The BitNami stacks have a .bin extension, and once downloaded have a similar installation procedure. First, make the stacks executable with chmod 755 foo-bar-stack.bin, then run it with ./foo-bar-stack.bin. By default the stacks launch a graphical installer. If you are installing the stack on a remote server, you can also run the installer in text mode with ./foo-bar-stack.bin --mode text.

The installer first prompts you to select the components you want to install in addition to the CMS itself. Next you need to select the folder the stack will install into. Then the installer will prompt you to create an admin username and password for the CMS. Next you get to tweak some CMS variables, such as the blog name if you're installing the WordPress stack. You'll also have to choose a hostname, which is then used to create internal URLs. By default it uses the localhost address, 127.0.0.1. Finally, choose a password for phpMyAdmin's administrator user, and you're good to go.

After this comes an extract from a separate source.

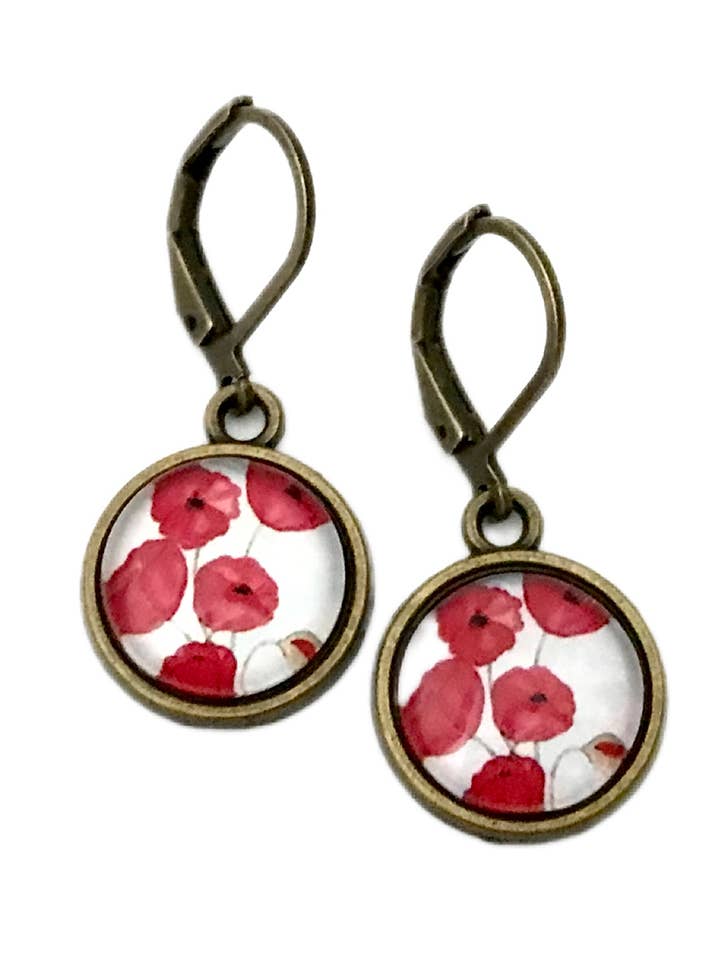 Photo Glass Red Poppy Earrings for wholesale by Dreamspirit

After installation you can manage stacks with the ctlscript file inside their respective installation directories. ./ctlscript start will start the various services and the CMS and ./ctlscript stop will stop them. If you've used 127.0.0.1 as the hostname, you can access the CMS at http://127.0.0.1:8080, where 8080 is the default Apache port.

What if you want to run multiple CMSes? If you have already installed a CMS and it's running, when you install another one, the stack installer will prompt you to choose a different Apache and MySQL port. So you can have WordPress running on http://127.0.0.1:8080 and Drupal on http://127.0.0.1:8081. The MySQL port (default is 3306) isn't part of the URL, but is used internally by the CMS to store and retrieve data from the database.

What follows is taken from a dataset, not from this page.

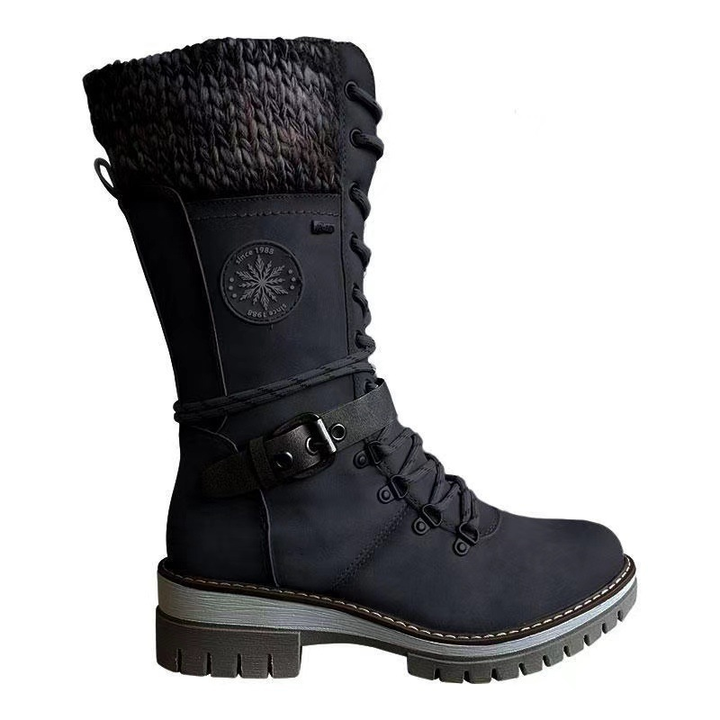 Damen Boots Schwarz mit seitlichem Reißverschluss | Gestrickter Bund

In addition to these stacks for the various CMS applications, BitNami also releases some infrastructure stacks that bundle the building blocks of a Web server without a CMS, and are useful for testing or deploying your own Web apps. There's a RubyStack (Ruby, Rails, MySQL, Subversion) for Linux and Windows, and the LAMP, WAMP, and MAMP stacks (Apache, MySQL, PHP, phpMyAdmin) for Linux, Windows, and Mac, respectively.

But there's a drawback to these stacks as well. Suppose you have to run multiple stacks on a single machine -- for example, WordPress and Drupal. In a traditional Web server setup, both WordPress and Drupal will share the common Web server resources -- Apache, MySQL, PHP. Currently, resource-sharing isn't possible with BitNami stacks. Each BitNami CMS will use its own separate resources. Furthermore, if you wish to run multiple CMS together, you must make sure the installed CMSes are all running before installing the new one. So if you've installed WordPress on 8080 and 3306, and you want to run Drupal on 8081 and 3307, make sure WordPress is running before installing Drupal, or else the Drupal stack will assume that the default Apache and MySQL ports are free and install Drupal at 8080 and 3306 without prompting. If that happens, you can only run either WordPress or Drupal but not both at the same time.

Overall, BitNami stacks are an easy means to getting a CMS up and running. The project currently has more than 15 stacks for apps that run blogs, forums, polls, and wikis, track bugs, and even manage content in an enterprise. If all you need is a ready-to-use Web development environment, BitNami also has stacks that bundle MySQL, Apache, PHP, Ruby, and Rails.

The BitNami stacks are time-saving aces up your sleeve that can come in handy in those moments when deadlines mean everything.